CATHY WURZER: What did you make of what the nurse anesthetist just got done telling us?
MATTHEW TYLER: Well, like I said, I think it's pretty remarkable some of the responses they're seeing. But from a physician standpoint-- I mean, from a clinical standpoint, I think before we start to advocate for any sort of treatment, we have to see some sort of data to support the efficacy of different interventions.
I think it's very difficult from both sides because these are desperate patients. And a lot of times, as physicians, we're desperate to provide a solution as well. But from certain standpoints, we'd just like to see the data. And thus far, there are no randomized clinical trials, which is really the gold standard for testing the intervention to demonstrate the efficacy of stellate ganglia blockade for long COVID or for loss of smell and taste thus far.
CATHY WURZER: What do we know about how COVID causes lasting smell and taste loss?
MATTHEW TYLER: So we know that COVID affects the olfactory system in the nose by infecting the cells that support the neurons that detect smell in the nose. So there's theories out there that certain patients lack the regenerative capacity to regenerate their sense of smell and taste after a COVID infection.
That's why I think the vast majority of patients-- over 90% of patients-- get their smell and taste back because they have that regenerative capacity. But there are a certain groups of patients who are very unfortunate and they don't have that capacity or generate those cells. Whether it be they don't have enough of them or they just lack the capacity to regenerate them we don't know. But we know for certain that COVID does directly infect those cells that support the neurons.

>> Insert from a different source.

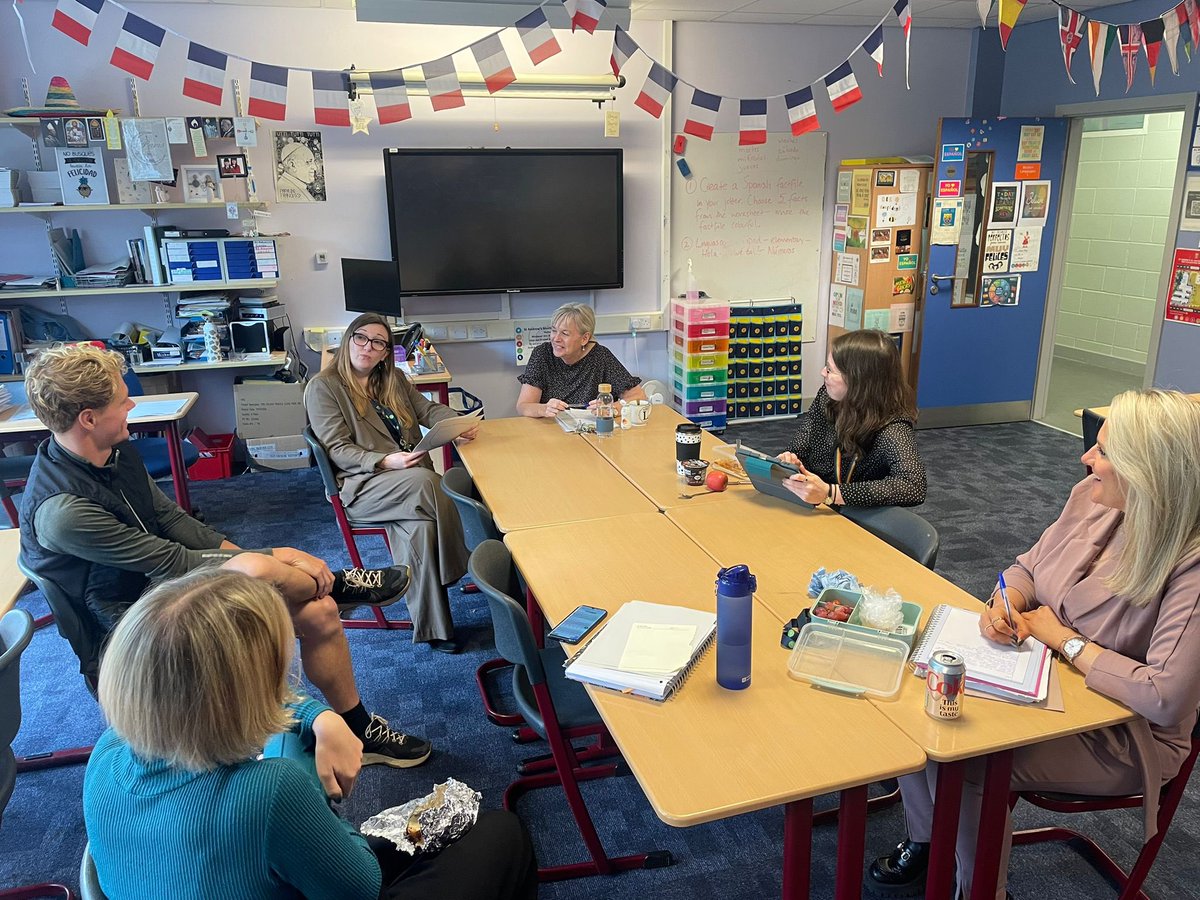 StAndrewsCLPL's tweet image. Great to see the commitment from our staff sharing practice and supporting one another through the prepare stage of our learning sprints 🙌 Collaboration and reflection in action! #alwayslearning #Teamwork #LearningSprints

CATHY WURZER: As a physician, how interested will you be to see the research? What will you be looking for?
MATTHEW TYLER: Well, what I'd like to see is a randomized controlled clinical trial. And we alluded to earlier the placebo effect. And really, when you have two arms in a study, you really need to do a good job about ruling out a placebo effect. So you'd like the study to be randomized, but you'd like to see a sham injection done as well.
So one group or one arm of the study will have patients being injected with a drug. For example, bupivacaine or lidocaine, which are local anesthetics. But then the second group of patients will also receive an injection with a sham drug. So they'll still be getting the injection, but not with the drug.

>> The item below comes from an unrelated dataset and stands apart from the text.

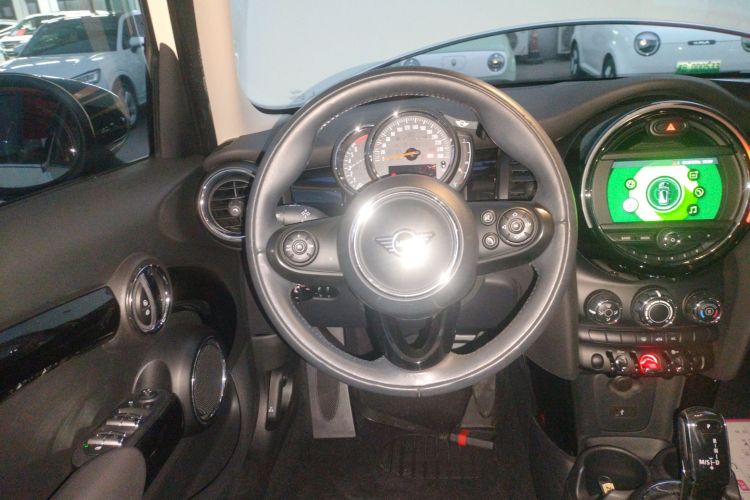 MINI 2019款 1.5T ONE PLUS 五门版局部细节13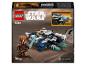 Súprava LEGO Star Wars 75400 s minifigúrkou Plo Koona a vesmírnou loďou.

So that's what you really have to do in order to rule out some sort of placebo effect.
CATHY WURZER: What do you want to leave with individuals who might be listening, thinking, oh, my gosh, this sounds like a miracle cure? What advice do you have for them?

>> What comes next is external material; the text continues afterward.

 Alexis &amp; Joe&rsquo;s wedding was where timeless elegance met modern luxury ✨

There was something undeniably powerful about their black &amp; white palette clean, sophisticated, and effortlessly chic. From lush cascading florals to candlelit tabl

MATTHEW TYLER: Well, again, like I said, I think patients who suffer from persistent olfactory dysfunction after COVID, it's devastating. And it's hard for clinicians as well. So I think that if patients are aware of it, they have to be informed about the lack of evidence for its efficacy.
And as the nurse anesthetist alluded to earlier, it's a very safe procedure that can be done. But the studies demonstrating efficacy, the patient should know that there's not a lot of data to back it up. But it could be considered an option for those of the patients who are desperate or want a solution.
But, again, there aren't clinical studies or randomized clinical trials that support it. And so that means that the FDA has not given its support in this indication or for this treatment. And then the consequence of that is that the insurance companies are unlikely to pay for it as well. So it's going to be a cash payment for a lot of patients.